START Input for this task

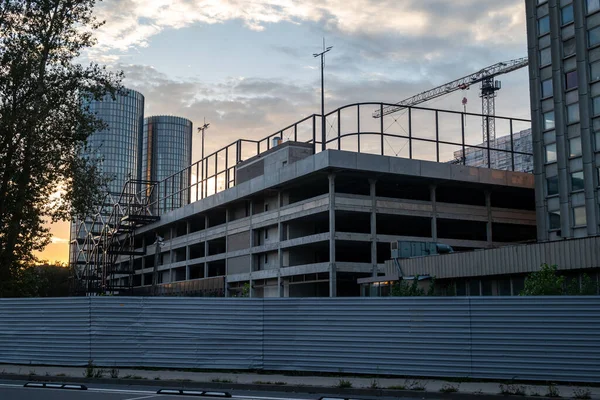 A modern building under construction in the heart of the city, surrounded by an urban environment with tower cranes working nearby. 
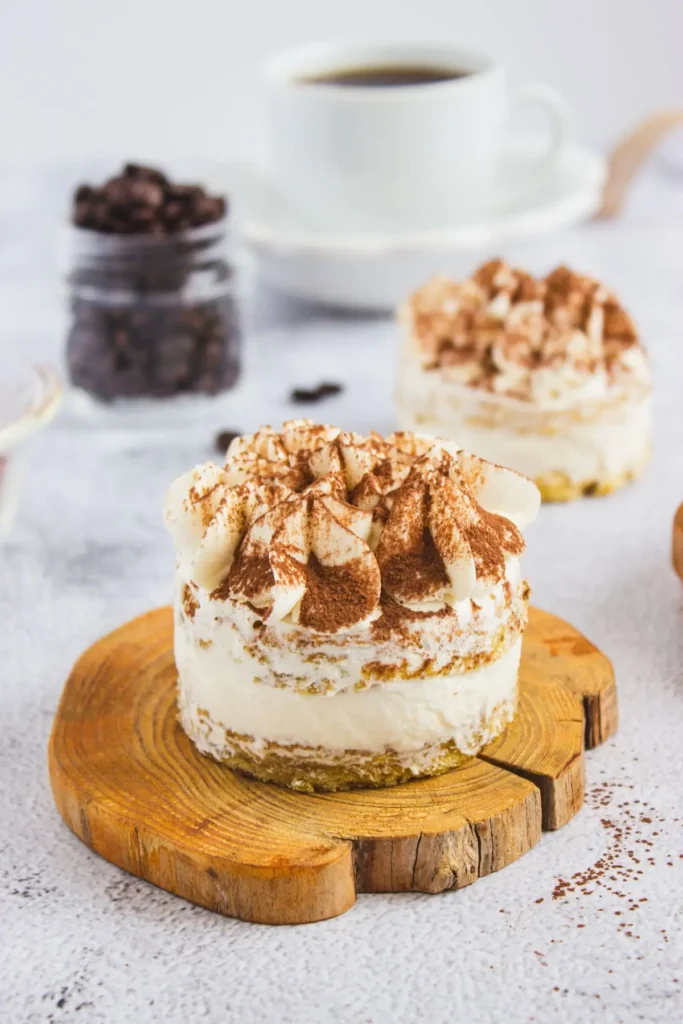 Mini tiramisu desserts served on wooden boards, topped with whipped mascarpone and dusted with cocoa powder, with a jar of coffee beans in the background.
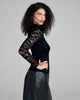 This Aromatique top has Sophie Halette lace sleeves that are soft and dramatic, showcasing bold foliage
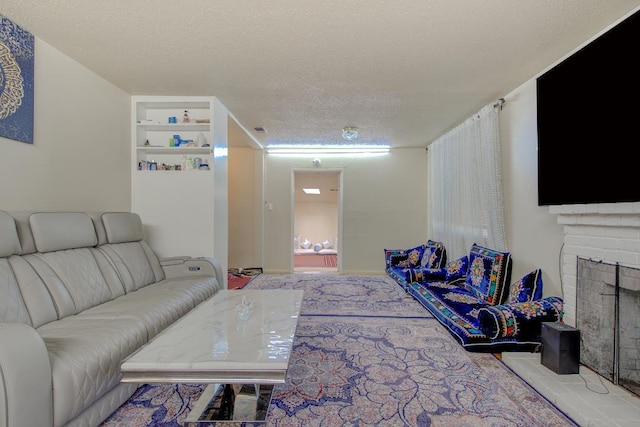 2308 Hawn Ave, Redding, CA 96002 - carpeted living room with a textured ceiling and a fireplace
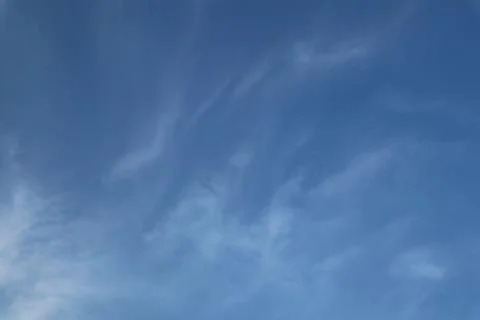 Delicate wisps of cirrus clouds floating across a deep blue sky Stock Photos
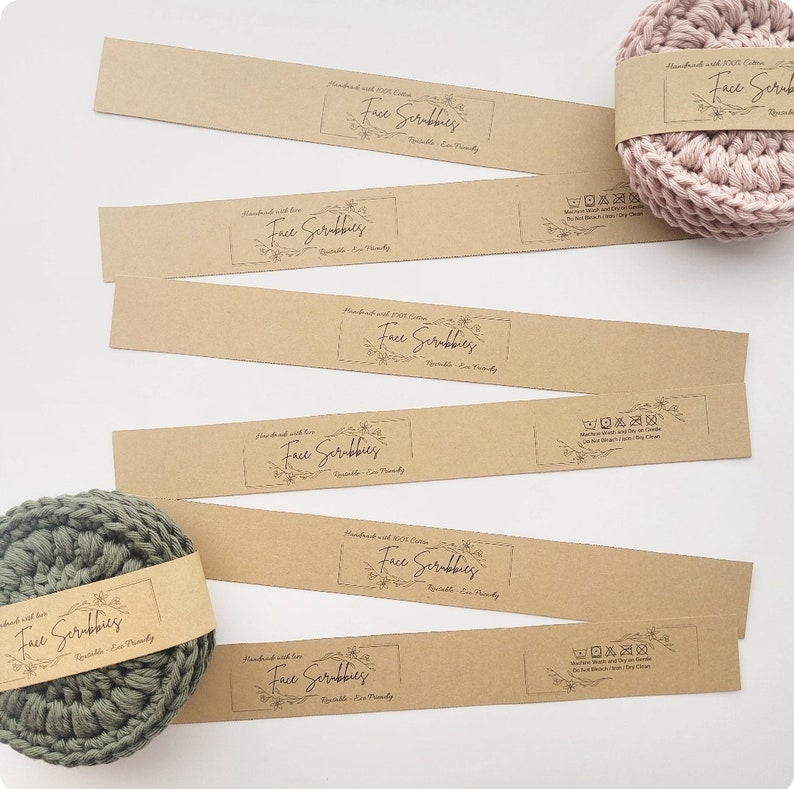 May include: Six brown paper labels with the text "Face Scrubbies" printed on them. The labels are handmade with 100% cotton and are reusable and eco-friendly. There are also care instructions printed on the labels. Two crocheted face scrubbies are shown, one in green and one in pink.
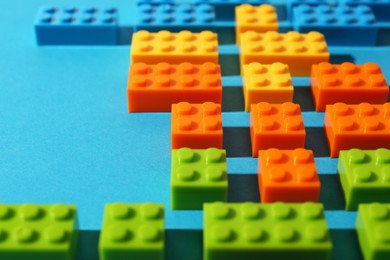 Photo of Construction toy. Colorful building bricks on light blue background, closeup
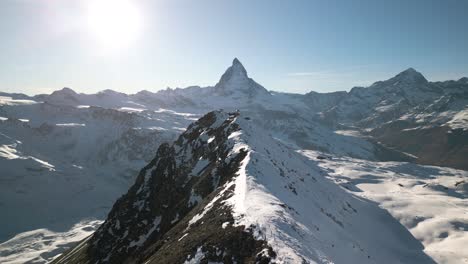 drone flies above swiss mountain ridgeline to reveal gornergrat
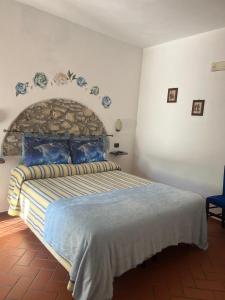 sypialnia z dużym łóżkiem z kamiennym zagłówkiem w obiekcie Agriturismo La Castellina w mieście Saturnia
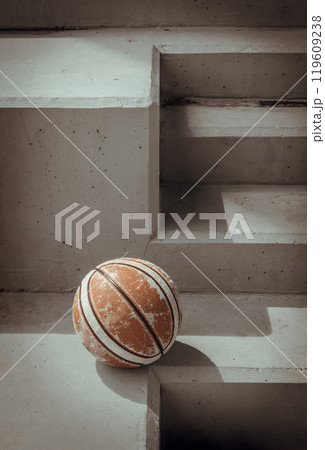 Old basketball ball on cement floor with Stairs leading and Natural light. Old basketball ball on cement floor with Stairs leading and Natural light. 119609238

END Input for this task
START Input for this task

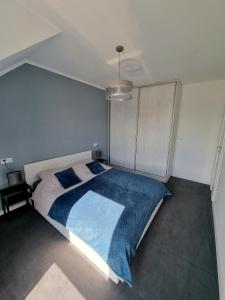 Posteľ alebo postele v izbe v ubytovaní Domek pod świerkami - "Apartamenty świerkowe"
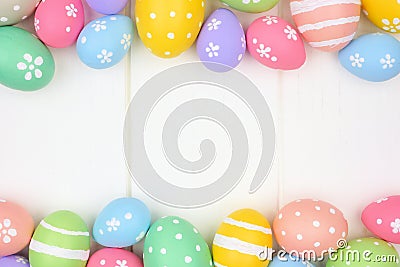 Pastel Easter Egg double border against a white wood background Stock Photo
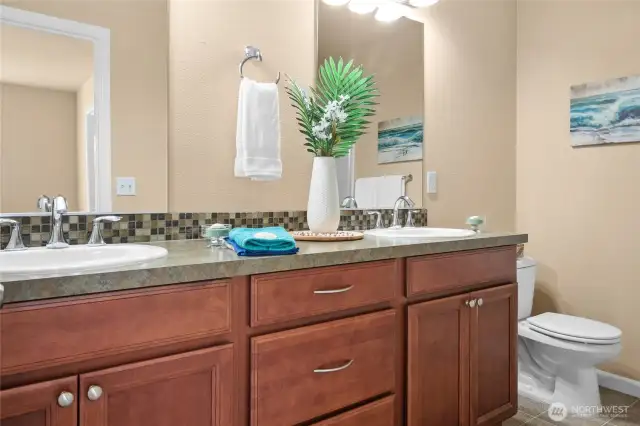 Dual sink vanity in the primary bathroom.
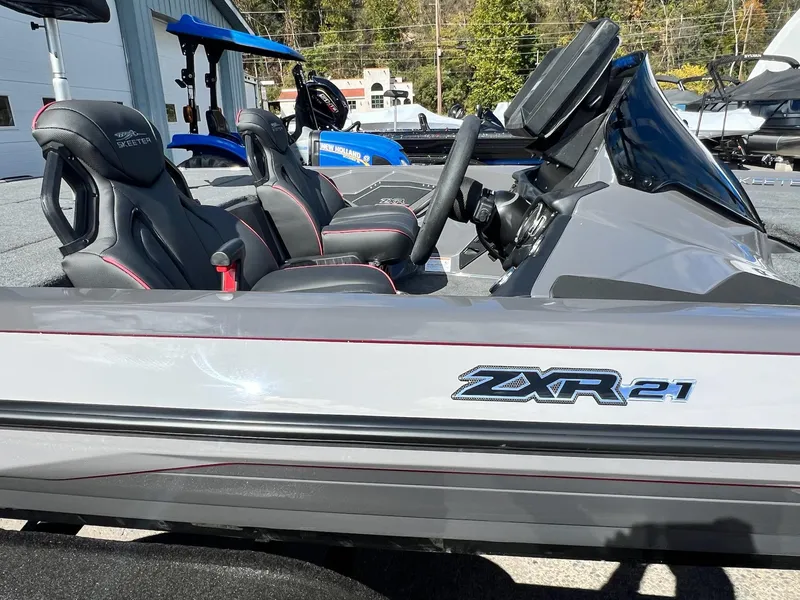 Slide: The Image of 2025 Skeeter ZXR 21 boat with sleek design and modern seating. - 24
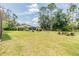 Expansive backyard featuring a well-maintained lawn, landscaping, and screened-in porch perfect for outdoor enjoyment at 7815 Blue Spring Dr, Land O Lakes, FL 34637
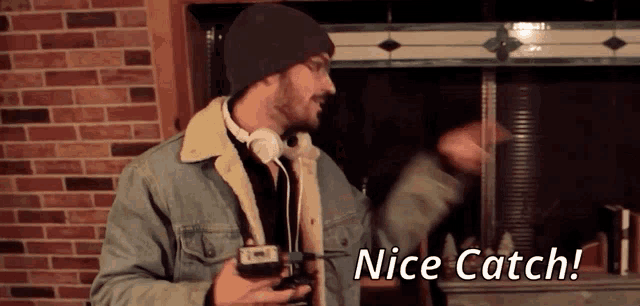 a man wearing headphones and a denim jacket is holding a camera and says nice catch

END Input for this task
START Input for this task

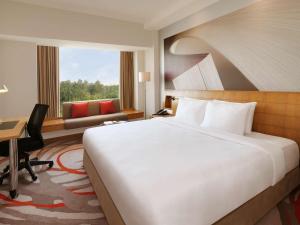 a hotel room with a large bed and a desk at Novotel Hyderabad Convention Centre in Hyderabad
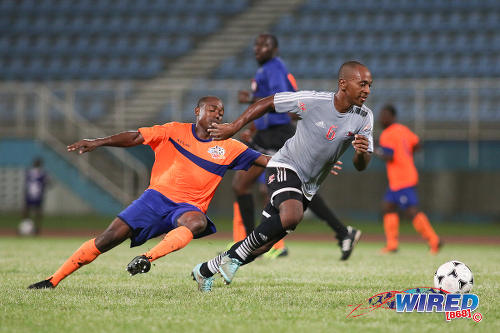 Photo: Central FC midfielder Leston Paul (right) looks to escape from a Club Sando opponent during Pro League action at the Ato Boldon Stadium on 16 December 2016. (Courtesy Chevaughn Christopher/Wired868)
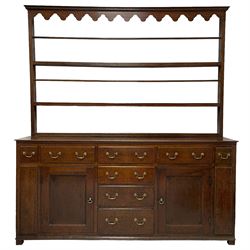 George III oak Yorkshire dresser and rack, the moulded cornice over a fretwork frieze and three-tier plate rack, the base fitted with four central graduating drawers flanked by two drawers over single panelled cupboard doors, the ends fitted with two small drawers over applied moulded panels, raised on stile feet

END Input for this task

→ Problem details
For this exercise, reproduce exactly the lines of the records above from the one with "Mini tiramisu desserts" up to and including the one with "2308 Hawn Ave, Redding, CA", without pictures.

→ Answer box
 Mini tiramisu desserts served on wooden boards, topped with whipped mascarpone and dusted with cocoa powder, with a jar of coffee beans in the background.
 This Aromatique top has Sophie Halette lace sleeves that are soft and dramatic, showcasing bold foliage
 2308 Hawn Ave, Redding, CA 96002 - carpeted living room with a textured ceiling and a fireplace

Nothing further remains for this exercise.